〈パネライ〉の原点回帰、新生ルミノールのデビュー

〈パネライ〉2026年春の新作は、まさに“らしさ”全開というべきモデルとなった。新たにデビューした3つの「ルミノール」のルーツとそこに込められた意味について、同社でマニュファクチュールを指揮する、ジェローム・カヴァディーニが語る。

text: Norio Takagi

〈パネライ〉2026年新作は、まさに“らしさ”全開であった。これら3つの「ルミノール」は、いずれも自社製手巻きムーブメントを搭載し、日付表示がない。こうした選択は「機能的なデザインのルーツに立ち返った結果」だと、マニュファクチュール(工房)責任者のジェローム・カヴァディーニは説明する。コレクションのルーツは、1960年代にイタリア海軍向けに製作されたミッションウォッチであると、ファンはよく知る。

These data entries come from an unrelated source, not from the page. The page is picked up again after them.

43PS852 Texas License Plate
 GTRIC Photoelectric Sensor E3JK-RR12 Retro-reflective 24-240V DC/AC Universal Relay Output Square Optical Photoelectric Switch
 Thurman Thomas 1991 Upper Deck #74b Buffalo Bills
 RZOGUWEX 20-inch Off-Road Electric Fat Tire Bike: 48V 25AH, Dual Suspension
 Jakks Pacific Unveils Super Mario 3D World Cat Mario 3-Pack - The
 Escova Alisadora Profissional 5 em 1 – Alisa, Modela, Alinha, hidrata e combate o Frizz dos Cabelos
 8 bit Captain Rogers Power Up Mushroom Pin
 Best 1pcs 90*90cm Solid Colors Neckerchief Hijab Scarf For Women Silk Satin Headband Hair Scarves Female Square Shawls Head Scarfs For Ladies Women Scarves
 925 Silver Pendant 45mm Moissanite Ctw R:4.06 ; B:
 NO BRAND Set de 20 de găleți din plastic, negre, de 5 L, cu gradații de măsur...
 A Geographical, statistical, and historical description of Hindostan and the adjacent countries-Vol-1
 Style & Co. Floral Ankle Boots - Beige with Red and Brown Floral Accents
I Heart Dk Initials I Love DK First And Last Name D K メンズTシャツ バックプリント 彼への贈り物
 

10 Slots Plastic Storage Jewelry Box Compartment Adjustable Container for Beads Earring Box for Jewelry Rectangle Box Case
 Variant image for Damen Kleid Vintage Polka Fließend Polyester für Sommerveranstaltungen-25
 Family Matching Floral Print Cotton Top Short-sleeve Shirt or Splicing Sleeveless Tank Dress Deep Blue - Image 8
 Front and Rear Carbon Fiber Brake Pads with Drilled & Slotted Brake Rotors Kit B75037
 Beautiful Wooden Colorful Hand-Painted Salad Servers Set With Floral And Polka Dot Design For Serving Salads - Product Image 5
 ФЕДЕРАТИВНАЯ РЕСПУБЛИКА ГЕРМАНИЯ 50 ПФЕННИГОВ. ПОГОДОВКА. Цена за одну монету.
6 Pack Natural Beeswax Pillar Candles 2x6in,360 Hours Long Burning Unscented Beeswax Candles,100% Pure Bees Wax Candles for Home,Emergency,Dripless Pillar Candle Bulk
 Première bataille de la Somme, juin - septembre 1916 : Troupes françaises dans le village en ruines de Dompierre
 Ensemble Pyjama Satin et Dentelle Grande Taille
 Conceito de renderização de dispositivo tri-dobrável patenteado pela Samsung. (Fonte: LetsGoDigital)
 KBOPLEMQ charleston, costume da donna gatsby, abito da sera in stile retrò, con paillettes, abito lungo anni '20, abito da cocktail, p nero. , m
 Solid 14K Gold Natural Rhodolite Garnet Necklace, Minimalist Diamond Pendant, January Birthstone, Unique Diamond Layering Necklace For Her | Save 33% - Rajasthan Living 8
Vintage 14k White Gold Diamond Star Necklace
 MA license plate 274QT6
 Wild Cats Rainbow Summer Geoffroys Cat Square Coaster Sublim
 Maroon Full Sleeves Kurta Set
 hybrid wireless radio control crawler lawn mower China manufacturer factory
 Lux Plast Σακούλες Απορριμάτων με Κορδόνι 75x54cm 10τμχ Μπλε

「その初代である“Ref.6152/1”の特徴を現代的な視点で再解釈することで新作は誕生しました。歴史的な真正性を確保するためにも、手巻きキャリバーの搭載は不可欠。そして日付表示がないシンプルで明瞭なダイヤルデザインの決定にもつながりました」

ルミノールデストロPAM01732
ルミノールデストロPAM01732
左腕に水中コンパスなどを装着していた海軍潜水士のために製作された“レフトハンド”の新作が、久しぶりに登場した。新色マットブルーのダイヤルカラー以外は、当時の姿が忠実に再現される。3日巻きCal.P.6000を搭載。径44㎜。手巻き。SSケース。1,364,000円。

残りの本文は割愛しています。